* _How to complete this task_: Output all records exactly, with no images.

* _Records supplied_:
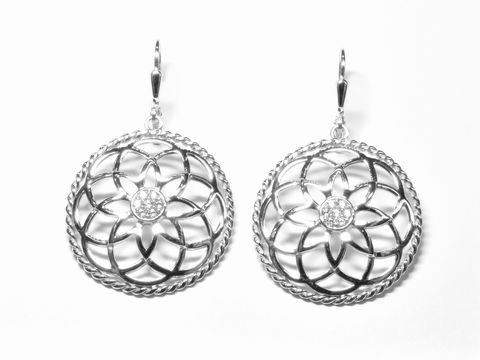 Im Bild sind beeindruckende Ohrhänger aus Sterling Silber zu sehen, geformt wie eine Blumenblüte und verziert mit Zirkonia-Steinen, hergestellt von Juwelier Harnisch.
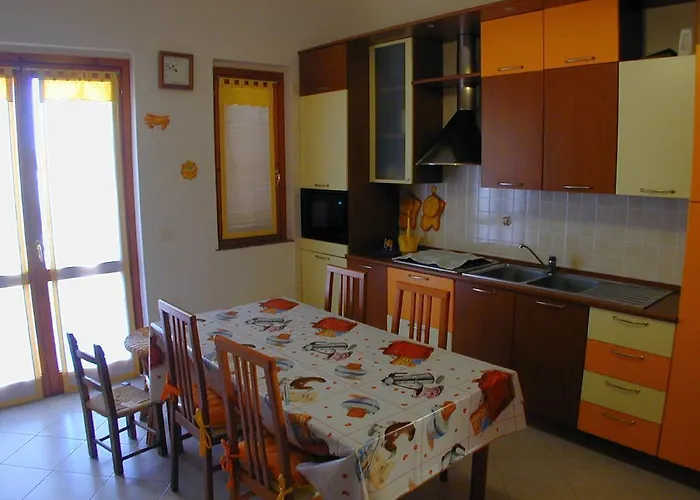 Sanders By La Via Del Mare Viaggi E Vacanze *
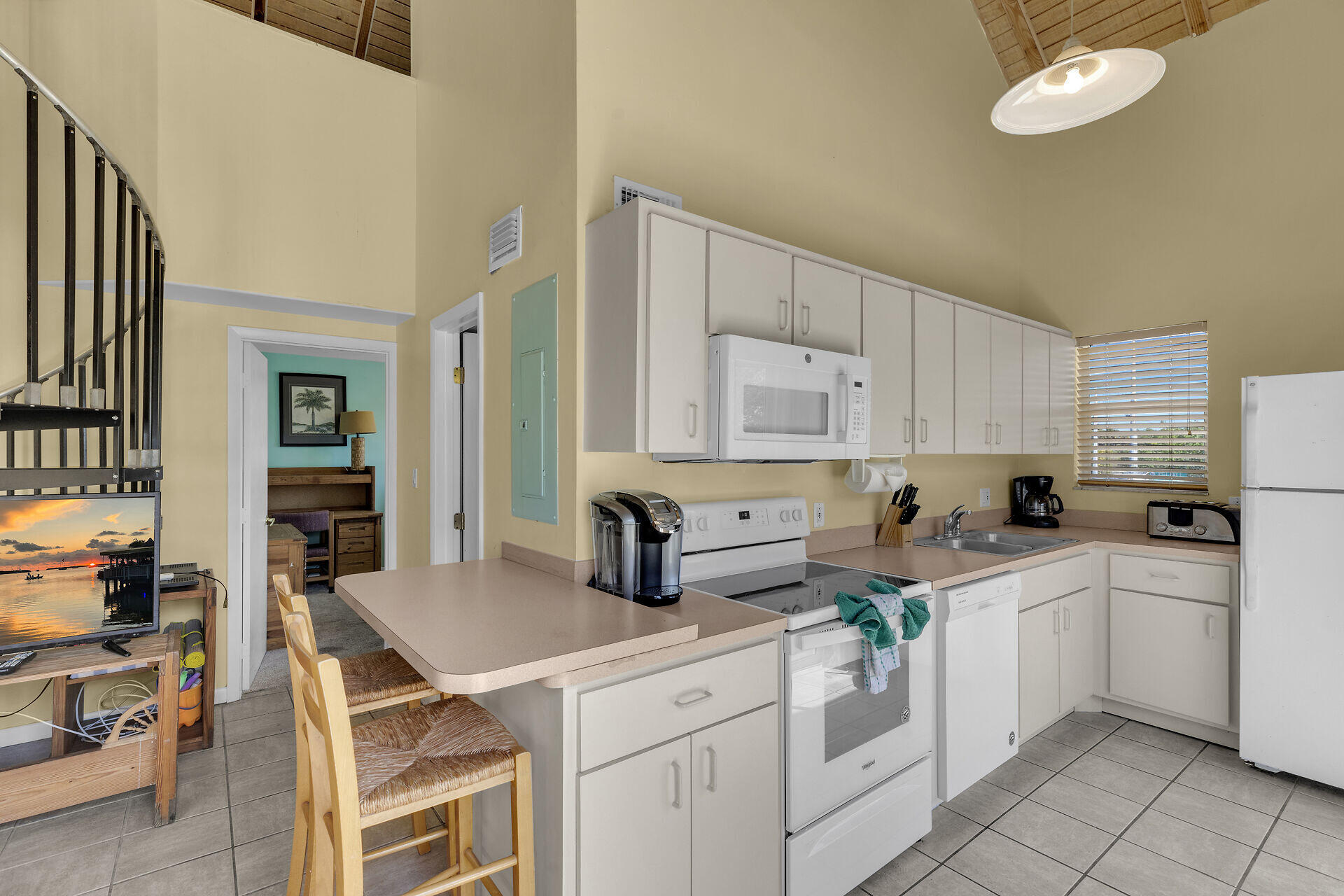 3 E Kyle Way Property Photo 6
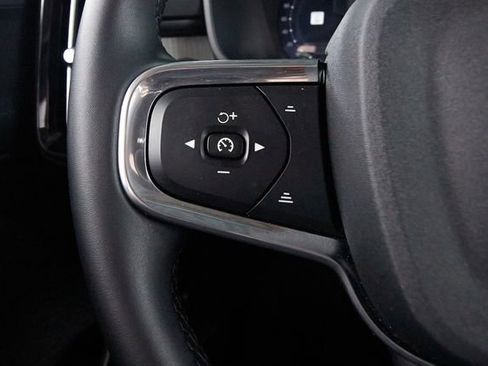 Certified 2025 Volvo XC40 B5 Core AWD/4WD image 16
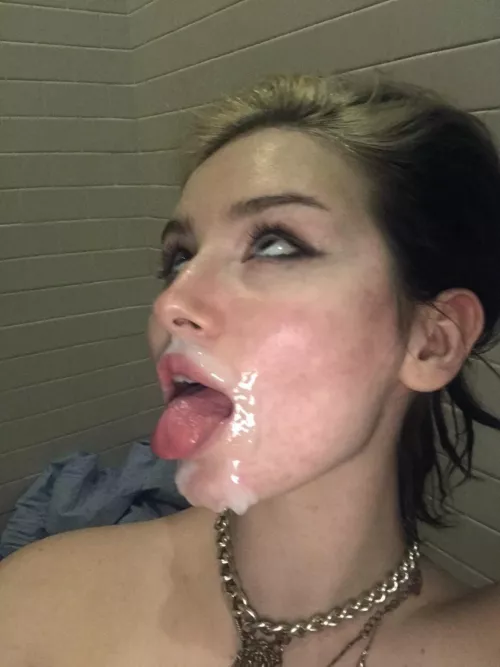 You need to cum on a goth girl daily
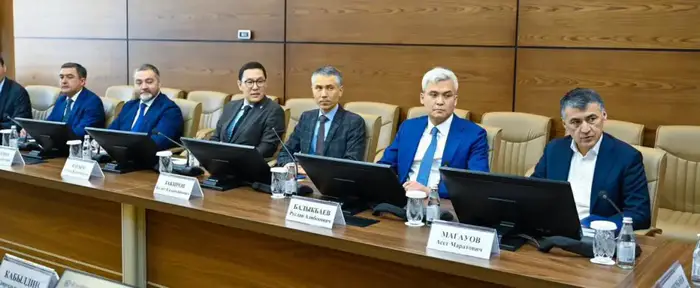 Казахстан и КазМунайГаз обсудили стратегии привлечения инвестиций в энергетический сектор Уральске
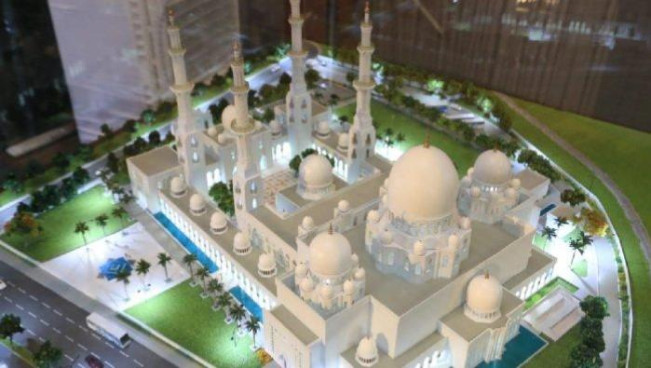 Presiden Jokowi Resmikan Masjid Pemberian Presiden Uni Emirat Arab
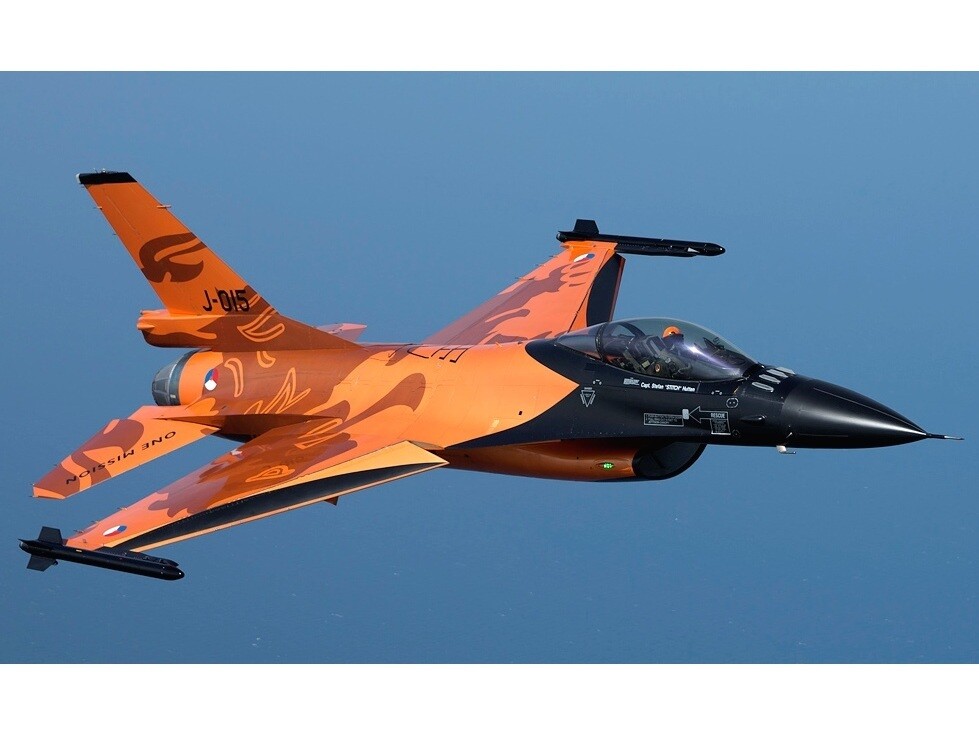 Pilot-RC F-16 Fighting Falcon Turbinen-Jet, Spw 1344mm, ARF-Set mit EZFW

* _Exercise response_:
 Im Bild sind beeindruckende Ohrhänger aus Sterling Silber zu sehen, geformt wie eine Blumenblüte und verziert mit Zirkonia-Steinen, hergestellt von Juwelier Harnisch.
 Sanders By La Via Del Mare Viaggi E Vacanze *
 3 E Kyle Way Property Photo 6
 Certified 2025 Volvo XC40 B5 Core AWD/4WD image 16
 You need to cum on a goth girl daily
 Казахстан и КазМунайГаз обсудили стратегии привлечения инвестиций в энергетический сектор Уральске
 Presiden Jokowi Resmikan Masjid Pemberian Presiden Uni Emirat Arab
 Pilot-RC F-16 Fighting Falcon Turbinen-Jet, Spw 1344mm, ARF-Set mit EZFW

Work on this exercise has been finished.